A recent project was performed in collaboration with Roche/Genentech. We developed models to predict the outcome of clinical trials in lung cancer immune-checkpoint blockade (ICB) treatments, using data from over 3,500 patients [8,9,10]. The main novelty was to go beyond classical modeling of only tumor kinetics (tumor growth inhibition models) and to integrate both tumor kinetics (TK) and routine blood markers’ kinetics (BKs) into a survival machine learning model (Figure 4). A first approach termed kinetics-Machine Learning (kML), based on empirical models for BKs for ICB monotherapy, was implemented within nlml_onco. The algorithm was trained on phase 2 trials (N=533 patients, ~ 130k BK time points) and tested on a phase 3 trial (N=377 and 354 in the two treatment arms). It outperformed the state-of-the-art, achieving a C-index of 0.8 and AUC of 0.9 for individual survival prediction.
More importantly, the model was able to accurately predict the outcome of the phase 3 trial using only early on-study data (Figure 5) [9]. We further moved to mechanistic modeling – and thus, mechanistic learning – for combination therapy, because the empirical models were found inappropriate. This gave not only a better understanding of the dynamics at stake but also predictions significantly improved compared to empirical modeling[10].
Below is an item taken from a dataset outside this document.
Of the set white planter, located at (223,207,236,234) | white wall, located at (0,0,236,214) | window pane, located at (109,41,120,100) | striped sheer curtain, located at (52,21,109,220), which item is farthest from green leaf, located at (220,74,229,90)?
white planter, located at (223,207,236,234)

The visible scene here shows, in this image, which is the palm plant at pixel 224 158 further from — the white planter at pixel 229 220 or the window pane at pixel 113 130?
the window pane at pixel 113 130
One key issue in treating patients with localized cancer, particularly breast cancer, is predicting potential metastatic relapse and estimating its timing. We developed mechanistic models of metastatic development using a size-structured partial differential equation. These models were carefully validated on multiple experimental datasets, including a recently released dataset from Dr. Ebos's lab (Figure 6) [11,12,13]. This dataset contains longitudinal data of primary and metastatic tumor growth in 251 mice subjected to different therapeutic regimens.
Then, using multiple clinical databases with over 1,000 patients, we proposed an original approach leveraging mixed-effects statistical models to exploit right-censored relapse data (Figure 7)[14,15]. This mechanistic learning approach for survival analysis allows to unravel the biological role of biomarkers, which cannot be achieved using statistical or purely ML approaches. Collaborating with oncologists and radiotherapists, we also applied the mathematical framework to brain metastases in non-small cell lung cancer [16,17].
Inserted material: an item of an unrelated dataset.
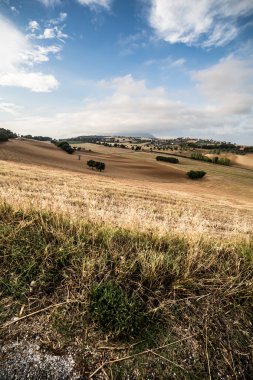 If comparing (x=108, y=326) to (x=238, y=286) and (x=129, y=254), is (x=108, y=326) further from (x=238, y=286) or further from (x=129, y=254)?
(x=238, y=286)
We also are actively working on mechanistic learning for longitudinal fragmentome data from circulating free DNA during response to immunotherapy [18,19]; development and modeling of combined treatments with immunotherapy (either with nanoparticles or more classical systemic treatments); development of physiologically-based pharmacokinetic (PK) models and population PK and pharmacometrics for individualized dosing of chemotherapies, targeted therapies and immunotherapies.